__Work to complete__
The entries that follow include a run beginning at the line with "Obraz Cyber security" and ending at the line with "Bamby Straight Round"; restate that run word for word and leave the rest out.

__Dataset items__
----------

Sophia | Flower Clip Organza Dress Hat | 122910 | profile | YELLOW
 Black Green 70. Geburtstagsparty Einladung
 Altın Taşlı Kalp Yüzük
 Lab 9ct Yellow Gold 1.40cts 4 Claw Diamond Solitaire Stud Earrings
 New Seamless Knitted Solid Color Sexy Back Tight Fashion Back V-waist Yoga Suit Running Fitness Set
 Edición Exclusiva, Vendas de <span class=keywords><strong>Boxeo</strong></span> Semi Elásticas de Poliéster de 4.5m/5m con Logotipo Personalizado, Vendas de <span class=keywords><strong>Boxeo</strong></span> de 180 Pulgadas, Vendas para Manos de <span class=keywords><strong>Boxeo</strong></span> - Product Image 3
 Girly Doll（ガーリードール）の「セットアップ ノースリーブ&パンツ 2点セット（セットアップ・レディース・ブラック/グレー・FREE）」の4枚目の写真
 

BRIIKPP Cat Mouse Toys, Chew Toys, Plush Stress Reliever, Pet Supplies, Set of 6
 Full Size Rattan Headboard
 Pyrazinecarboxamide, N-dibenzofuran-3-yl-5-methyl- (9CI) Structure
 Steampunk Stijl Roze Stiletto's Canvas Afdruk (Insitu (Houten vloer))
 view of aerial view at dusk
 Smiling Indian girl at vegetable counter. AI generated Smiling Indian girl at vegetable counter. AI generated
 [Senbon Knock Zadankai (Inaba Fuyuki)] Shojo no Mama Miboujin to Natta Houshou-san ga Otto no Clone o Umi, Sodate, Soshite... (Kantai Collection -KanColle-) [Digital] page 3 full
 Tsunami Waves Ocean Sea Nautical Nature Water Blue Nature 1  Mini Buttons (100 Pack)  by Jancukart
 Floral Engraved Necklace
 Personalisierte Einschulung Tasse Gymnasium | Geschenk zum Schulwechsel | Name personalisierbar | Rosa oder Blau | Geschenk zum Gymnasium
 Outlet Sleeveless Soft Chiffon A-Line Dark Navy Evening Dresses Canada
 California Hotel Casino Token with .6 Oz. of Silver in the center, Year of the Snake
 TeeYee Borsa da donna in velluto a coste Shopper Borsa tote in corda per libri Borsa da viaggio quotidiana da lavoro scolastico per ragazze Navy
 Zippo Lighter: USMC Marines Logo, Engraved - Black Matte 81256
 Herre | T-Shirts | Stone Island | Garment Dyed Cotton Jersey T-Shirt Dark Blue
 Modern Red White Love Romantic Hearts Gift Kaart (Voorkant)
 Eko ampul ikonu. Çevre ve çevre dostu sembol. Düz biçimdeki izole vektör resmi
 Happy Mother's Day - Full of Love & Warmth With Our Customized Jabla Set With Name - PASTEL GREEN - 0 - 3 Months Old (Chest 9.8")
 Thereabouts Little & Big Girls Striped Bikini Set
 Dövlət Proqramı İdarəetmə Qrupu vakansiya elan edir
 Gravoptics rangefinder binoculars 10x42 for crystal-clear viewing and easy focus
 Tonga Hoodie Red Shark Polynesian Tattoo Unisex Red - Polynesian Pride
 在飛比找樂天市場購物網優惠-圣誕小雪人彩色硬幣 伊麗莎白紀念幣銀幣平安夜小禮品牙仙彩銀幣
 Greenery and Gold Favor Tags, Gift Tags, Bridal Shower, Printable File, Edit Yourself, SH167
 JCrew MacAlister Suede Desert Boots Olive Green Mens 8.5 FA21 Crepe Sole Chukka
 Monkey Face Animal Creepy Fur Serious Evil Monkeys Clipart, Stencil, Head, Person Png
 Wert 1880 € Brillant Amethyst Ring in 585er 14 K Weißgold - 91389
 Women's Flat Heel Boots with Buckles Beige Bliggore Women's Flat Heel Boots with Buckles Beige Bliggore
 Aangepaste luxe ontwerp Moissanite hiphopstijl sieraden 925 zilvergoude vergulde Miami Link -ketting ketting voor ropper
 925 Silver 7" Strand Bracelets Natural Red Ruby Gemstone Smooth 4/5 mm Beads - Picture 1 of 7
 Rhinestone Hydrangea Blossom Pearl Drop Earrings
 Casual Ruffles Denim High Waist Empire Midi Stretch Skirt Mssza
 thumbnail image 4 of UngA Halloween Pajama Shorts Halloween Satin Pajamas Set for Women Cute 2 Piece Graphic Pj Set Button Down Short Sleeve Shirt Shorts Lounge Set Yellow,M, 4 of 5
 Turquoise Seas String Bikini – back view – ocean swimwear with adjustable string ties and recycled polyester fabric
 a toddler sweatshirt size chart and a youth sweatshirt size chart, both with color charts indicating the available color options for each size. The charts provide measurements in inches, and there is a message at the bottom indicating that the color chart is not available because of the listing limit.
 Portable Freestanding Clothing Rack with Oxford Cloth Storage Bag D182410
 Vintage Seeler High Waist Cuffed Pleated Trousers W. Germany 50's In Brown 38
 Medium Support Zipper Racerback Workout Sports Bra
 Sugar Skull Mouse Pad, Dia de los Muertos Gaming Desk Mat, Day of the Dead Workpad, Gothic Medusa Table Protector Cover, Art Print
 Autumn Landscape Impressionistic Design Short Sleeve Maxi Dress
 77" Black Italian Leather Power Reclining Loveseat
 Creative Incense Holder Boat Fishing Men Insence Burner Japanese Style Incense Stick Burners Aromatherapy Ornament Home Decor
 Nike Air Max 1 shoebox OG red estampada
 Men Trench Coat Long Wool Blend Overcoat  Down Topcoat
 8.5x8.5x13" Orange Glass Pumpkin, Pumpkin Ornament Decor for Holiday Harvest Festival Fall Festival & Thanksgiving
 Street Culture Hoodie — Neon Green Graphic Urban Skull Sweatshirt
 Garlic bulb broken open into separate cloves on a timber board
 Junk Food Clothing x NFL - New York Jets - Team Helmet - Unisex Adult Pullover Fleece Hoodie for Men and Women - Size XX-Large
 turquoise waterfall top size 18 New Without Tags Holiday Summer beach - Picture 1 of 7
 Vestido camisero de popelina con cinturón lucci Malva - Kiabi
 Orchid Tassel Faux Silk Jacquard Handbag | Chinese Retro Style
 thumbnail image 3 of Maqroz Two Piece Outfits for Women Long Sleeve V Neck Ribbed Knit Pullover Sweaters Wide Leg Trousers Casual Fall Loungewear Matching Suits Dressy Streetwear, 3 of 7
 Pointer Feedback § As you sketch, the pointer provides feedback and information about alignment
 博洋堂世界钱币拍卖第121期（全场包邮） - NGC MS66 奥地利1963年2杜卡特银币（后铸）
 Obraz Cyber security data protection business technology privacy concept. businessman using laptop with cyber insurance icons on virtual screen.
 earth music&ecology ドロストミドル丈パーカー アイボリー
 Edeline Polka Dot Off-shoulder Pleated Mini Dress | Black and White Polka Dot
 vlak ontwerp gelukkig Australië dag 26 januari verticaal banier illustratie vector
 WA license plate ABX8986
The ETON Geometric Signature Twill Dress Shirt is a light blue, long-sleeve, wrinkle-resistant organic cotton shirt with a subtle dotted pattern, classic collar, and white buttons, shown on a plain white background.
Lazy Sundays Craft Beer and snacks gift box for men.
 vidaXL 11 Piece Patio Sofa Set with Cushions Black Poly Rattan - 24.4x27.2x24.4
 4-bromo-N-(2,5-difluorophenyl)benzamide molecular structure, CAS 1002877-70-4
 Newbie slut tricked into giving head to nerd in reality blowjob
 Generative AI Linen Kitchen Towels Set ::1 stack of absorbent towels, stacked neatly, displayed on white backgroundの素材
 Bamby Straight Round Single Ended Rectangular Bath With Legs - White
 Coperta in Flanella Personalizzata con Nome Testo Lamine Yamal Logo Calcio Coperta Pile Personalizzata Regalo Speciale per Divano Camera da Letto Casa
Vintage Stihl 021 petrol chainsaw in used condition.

----------

__Output below__
 Obraz Cyber security data protection business technology privacy concept. businessman using laptop with cyber insurance icons on virtual screen.
 earth music&ecology ドロストミドル丈パーカー アイボリー
 Edeline Polka Dot Off-shoulder Pleated Mini Dress | Black and White Polka Dot
 vlak ontwerp gelukkig Australië dag 26 januari verticaal banier illustratie vector
 WA license plate ABX8986
The ETON Geometric Signature Twill Dress Shirt is a light blue, long-sleeve, wrinkle-resistant organic cotton shirt with a subtle dotted pattern, classic collar, and white buttons, shown on a plain white background.
Lazy Sundays Craft Beer and snacks gift box for men.
 vidaXL 11 Piece Patio Sofa Set with Cushions Black Poly Rattan - 24.4x27.2x24.4
 4-bromo-N-(2,5-difluorophenyl)benzamide molecular structure, CAS 1002877-70-4
 Newbie slut tricked into giving head to nerd in reality blowjob
 Generative AI Linen Kitchen Towels Set ::1 stack of absorbent towels, stacked neatly, displayed on white backgroundの素材
 Bamby Straight Round Single Ended Rectangular Bath With Legs - White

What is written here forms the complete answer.